- Resveratrol reverses hypertension.
- Helps regulate estrogen levels.
- Prevent superoxide damage.
Women are exposed to estrogen in several forms such as oral contraceptive pills and hormone replacement therapy. Although estrogen was believed to be cardioprotective, lately, its beneficial effects are being questioned.
Recent studies indicate that oxidative stress in the rostral ventrolateral medulla (RVLM) may play a role in the development of hypertension. Therefore, we hypothesized that chronic exposure to low levels of estradiol-17β (E2) leads to hypertension in female Sprague Dawley (SD) rats potentially through generation of superoxide in the RVLM.
“This is an important study on at least two levels. First, it continues to confirm the negative effect that long-term estrogen exposure has for females. Second, it provides a new rationale for how and why this relationship occurs.”
To test this, young (3-4 months old) female SD rats were either sham-implanted or implanted (s.c.) with slow release E2 pellets (20 ng/day) for 90 days. A group of control and E2-treated animals were fed lab chow or chow containing resveratrol (0.84 g/ Kg of chow), an antioxidant.

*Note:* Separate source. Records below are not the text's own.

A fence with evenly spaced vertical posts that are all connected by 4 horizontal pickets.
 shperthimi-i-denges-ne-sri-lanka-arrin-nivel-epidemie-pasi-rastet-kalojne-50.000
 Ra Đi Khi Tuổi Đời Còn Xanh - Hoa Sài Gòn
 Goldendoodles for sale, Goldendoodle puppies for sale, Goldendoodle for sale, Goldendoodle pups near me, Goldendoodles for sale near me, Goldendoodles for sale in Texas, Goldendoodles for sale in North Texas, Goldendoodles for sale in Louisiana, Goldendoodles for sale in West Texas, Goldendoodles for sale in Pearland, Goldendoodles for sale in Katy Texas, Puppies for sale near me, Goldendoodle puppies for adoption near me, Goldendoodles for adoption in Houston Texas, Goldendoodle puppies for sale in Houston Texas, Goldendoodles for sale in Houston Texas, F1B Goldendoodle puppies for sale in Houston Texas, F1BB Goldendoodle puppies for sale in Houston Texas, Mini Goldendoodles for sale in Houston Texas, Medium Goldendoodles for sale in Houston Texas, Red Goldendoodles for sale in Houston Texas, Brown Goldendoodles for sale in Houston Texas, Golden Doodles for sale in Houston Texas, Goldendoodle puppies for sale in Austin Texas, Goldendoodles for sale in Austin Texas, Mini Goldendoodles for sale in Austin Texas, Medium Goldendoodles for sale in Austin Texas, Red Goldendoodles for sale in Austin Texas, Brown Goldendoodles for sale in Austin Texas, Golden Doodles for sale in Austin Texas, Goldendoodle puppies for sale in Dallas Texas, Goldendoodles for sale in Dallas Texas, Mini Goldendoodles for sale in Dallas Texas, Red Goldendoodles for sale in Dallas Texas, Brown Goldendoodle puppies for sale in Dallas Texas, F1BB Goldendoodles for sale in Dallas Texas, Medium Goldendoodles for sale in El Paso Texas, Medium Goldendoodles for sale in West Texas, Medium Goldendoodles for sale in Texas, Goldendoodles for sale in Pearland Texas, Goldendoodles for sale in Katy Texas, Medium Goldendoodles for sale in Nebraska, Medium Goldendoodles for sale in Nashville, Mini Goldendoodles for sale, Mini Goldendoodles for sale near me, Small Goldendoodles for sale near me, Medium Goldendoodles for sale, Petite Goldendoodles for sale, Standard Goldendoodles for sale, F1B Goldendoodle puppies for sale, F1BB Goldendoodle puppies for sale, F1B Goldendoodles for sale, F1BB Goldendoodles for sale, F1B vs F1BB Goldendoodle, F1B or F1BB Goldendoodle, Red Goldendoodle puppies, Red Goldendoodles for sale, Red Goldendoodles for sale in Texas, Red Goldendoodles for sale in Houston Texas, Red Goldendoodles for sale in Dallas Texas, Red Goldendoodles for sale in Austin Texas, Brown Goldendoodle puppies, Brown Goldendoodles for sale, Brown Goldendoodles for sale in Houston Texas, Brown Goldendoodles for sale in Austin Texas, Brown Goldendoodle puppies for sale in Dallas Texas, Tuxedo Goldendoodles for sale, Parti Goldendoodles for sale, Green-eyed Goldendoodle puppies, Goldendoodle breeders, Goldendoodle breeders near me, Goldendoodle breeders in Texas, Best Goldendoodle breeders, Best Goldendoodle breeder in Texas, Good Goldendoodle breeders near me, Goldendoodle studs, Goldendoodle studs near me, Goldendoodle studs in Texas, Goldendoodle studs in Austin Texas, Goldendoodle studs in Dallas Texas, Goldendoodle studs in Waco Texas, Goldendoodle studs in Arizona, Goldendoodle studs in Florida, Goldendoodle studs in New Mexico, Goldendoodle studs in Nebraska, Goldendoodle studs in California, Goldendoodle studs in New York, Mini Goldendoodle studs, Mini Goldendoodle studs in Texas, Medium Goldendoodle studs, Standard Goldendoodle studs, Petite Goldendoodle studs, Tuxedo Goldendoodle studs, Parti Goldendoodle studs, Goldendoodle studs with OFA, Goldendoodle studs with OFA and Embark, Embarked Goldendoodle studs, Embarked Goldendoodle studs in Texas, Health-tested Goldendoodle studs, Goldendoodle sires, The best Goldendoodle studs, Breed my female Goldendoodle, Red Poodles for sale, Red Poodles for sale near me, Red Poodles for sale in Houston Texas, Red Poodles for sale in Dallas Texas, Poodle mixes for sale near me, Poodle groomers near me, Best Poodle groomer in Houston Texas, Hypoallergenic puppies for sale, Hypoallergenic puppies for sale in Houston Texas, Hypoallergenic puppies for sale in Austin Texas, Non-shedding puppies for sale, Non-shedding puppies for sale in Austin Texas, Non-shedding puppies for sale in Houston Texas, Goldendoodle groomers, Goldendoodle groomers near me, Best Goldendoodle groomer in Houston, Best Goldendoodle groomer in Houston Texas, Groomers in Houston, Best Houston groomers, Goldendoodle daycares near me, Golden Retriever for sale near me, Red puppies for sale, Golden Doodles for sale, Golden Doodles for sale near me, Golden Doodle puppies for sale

Rats were implanted with telemeters to continuously monitor blood pressure (BP) and heart rate (HR). At the end of treatment, the RVLM was isolated for measurements of superoxide. E2 treatment significantly increased mean arterial pressure (mm Hg) and HR (beats/min) compared to sham rats (119.6±0.8 vs. 105.1±0.7 and 371.7±1.5 vs. 354.4±1.3, p<0.0001 respectively).
Superoxide levels in the RVLM (nmol/min*mg) increased significantly in the E2-treated group (0.833±0.11) compared to control (0.532±0.04, p<0.05). Treatment with resveratrol reversed the E2-induced increases in BP and superoxide levels in the RVLM. We conclude that chronic exposure to low levels of E2 induces hypertension and increases superoxide levels in the RVLM and that this effect can be reversed by resveratrol treatment.
Resveratrol regulates superoxide and hypertension.